FDIC, bankanın varlıkları satılırken, sigortasız mevduat sahiplerine gelecekte temettü ödemeleri yapılabileceğini bildirdi.
Uzmanlar, bankanın iflasının teknoloji dünyası için daha geniş kapsamlı etkilere ve bankalar için endişelere neden olabileceğini belirtiyor.
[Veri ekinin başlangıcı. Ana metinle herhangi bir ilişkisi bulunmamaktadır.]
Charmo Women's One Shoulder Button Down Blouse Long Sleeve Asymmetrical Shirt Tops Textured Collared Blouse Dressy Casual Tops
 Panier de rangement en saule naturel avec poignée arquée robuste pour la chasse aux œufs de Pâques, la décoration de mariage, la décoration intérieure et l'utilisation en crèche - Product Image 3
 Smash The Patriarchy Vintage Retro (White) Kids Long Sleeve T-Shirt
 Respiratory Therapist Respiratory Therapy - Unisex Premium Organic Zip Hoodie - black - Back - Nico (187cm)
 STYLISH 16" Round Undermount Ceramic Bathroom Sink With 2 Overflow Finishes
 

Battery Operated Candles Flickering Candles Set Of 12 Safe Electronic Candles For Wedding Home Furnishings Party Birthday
Artan faizlerin kurbanı oldu
Fed'in yüksek enflasyon karşısında agresif faiz artışları, teknoloji sektörüyle birlikte SVB'yi de sert bir şekilde etkiledi.
Teknoloji sektöründeki pek çok şirketin, özellikle de startup'ların yüksek düzeyde borçla faaliyet göstermesi, bu şirketleri ve içinde bulundukları ekosistemi faiz artışları karşısında savunmasız bıraktı.
Şirketler daha yüksek borçlanma maliyetleriyle karşı karşıya kaldıkça risk sermayesi ve diğer daha riskli yatırım türleri de daha az karlı hale geldi. Kripto paralardaki düşüş de birçok teknoloji firmasını olumsuz etkiledi. Facebook, Instagram ve WhatsApp'ın sahibi Meta, Google'un ana şirketi Alphabet ve Amazon gibi teknoloji devlerinin de aralarında bulunduğu birçok şirket, işten çıkarmalara gitmek zorunda kaldı.
Yüksek faiz oranları birçok girişim için kaynak yaratmayı daha maliyetli hale getirirken, bazı SVB müşterileri likidite ihtiyaçlarını karşılamak için paralarını çekmeye başladı. Bu da SVB'nin çekilen paraları karşılamanın yollarını aramasına ve tahvil satışına gitmesine neden oldu. Ancak devam eden faiz artışları tahvilleri de negatif etkilediği için SVB tahvil pozisyonunu zararla kapattı.
Uzmanlar, tahvil piyasasındaki kayıplar nedeniyle bankaların toplam kaybının 600 milyar doların üzerinde olduğunu ancak bunun bankacılık sektöründe 2008'deki gibi bir krize tek başına neden olmayacağını belirtiyor.
SVB'nin iyi bir risk yönetimi ve çok yönlü bir müşteri portföyü olmadığına dikkati çeken uzmanlar, banka için alıcı arayışında olunduğunu aktarıyor.
Konuya ilişkin isimsiz kaynaklara dayandırılan haberlerde de FDIC'nin SVB için cumartesi geç saatlerde açık artırma sürecini başlattığı bildirildi.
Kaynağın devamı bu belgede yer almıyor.